Hari ke-6

1.5K 239 25
                                    

Sanji

Sanji sibuk membuat sate daging ayam untuk barbeque malam itu. Zoro juga duduk di sampingnya, memperhatikan cara Sanji bekerja selagi tangannya piawai menusuk sesuai urutan. "Paprika merah, ayam, bawang, paprika ijo, terus ngulang,"

"Salah dikit gapapa kan?" Zoro bertanya.

"Gapa— NGGAK! GA BOLEH! ITUMAH SATE AYAM DOANG!"

Dikiranya lagi masak sate ayam kali ya.
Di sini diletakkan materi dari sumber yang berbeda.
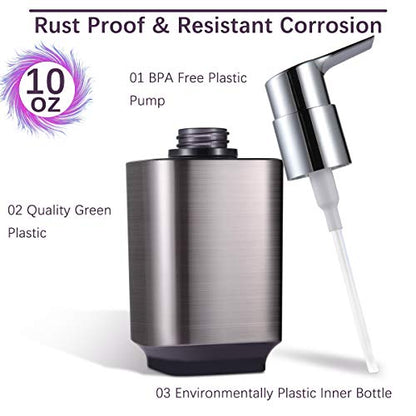 Boperzi 2 Pack Soap Dispenser Rust Proof Refillable Liquid Hand & Dish Soap Dispenser Set Leak Proof Plastic Chorme Pump for Kitchen Bathroom, 10oz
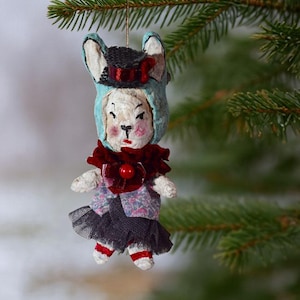 Handmade Spun Cotton Wool Ornaments– Handmade Magic, Bunny#148 in tulle skirt. Vintage-inspired Spun Cotton ornament, an old craft technique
Sanji ngeliat tusukan di tangan Zoro, nggak ada sayurnya sama sekali.

"Bwahahahah payah!" Perona menyenggol sisi kepala adiknya, menertawakan sate ayam Zoro.
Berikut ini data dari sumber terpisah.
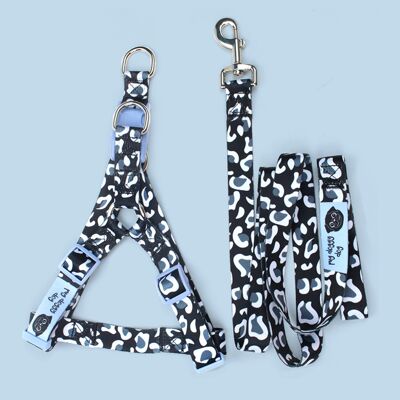 Black and white leopard print harness and lead set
Yang diketawain cuma masang muka kecut, mengeluarkan tusukannya dan mengulang dari awal. "Semangat Zor! Ini juga ntar lo yang ngabisin," Sanji tertawa.

Mereka melanjutkan tusukan sampai habis. Setelah menumpuknya dalam satu nampan besar, Sanji mengangkatnya dan membawanya pada Mihawk. "Ayah, ini udah selesai," ia meletakkan nampan di meja dekat panggangan.

"Oh bagus,"

"Aku bantuin ya," Sanji mendekat dan meletakkan sate.

Ia berkacak pinggang, melihat asap yang membumbung di udara selagi beberapa tusuk sate dipanggang. Sambil menunggu matang, Sanji mulai membuka ponselnya dan membaca beberapa bab bonus dari Trafalgar Law.

"Nak, ini dibalik?" suara Mihawk mengejutkannya. Ia baru sadar apinya membesar dan sudah membakar beberapa tusuk sate.

"GOSOOONG!!"

~•*•*•*•~

Zoro

Zoro dan Perona yang menyaksikan dari jauh hanya tertawa.

"Gue suka pacar lo," aku gadis berambut pink kemudian. "Dia baik, pinter masak, seru, ganteng pula!" ia menggoyangkan kakinya, menatap Zoro yang masih terpaku pada sosok pirang yang berdiri di dekat ayahnya.

"Iya?" Zoro bertanya. "Gue sendiri malah ga sadar..."

"Ga sadar apa?" Perona meminum air perasan jeruk miliknya.

Zoro mengangkat bahu, bersandar pada kursi dan mengalihkan pandang pada kolam renang, kembali mengingat ciuman mereka di sana. Matanya memejam sebelum melanjutkan, "Gue nggak pernah sadar kelebihannya,"

Mata bulat Perona membesar, memandangnya ngeri. Lalu ia memukul sisi lengan Zoro kuat. "Terus lo pacaran sama dia karena apa?!"

"Hmm... Mukanya tipe gue,"

Gadis itu mengepalkan tangannya. "Zoro, jangan bilang lo cuma main-main sama Sanji..."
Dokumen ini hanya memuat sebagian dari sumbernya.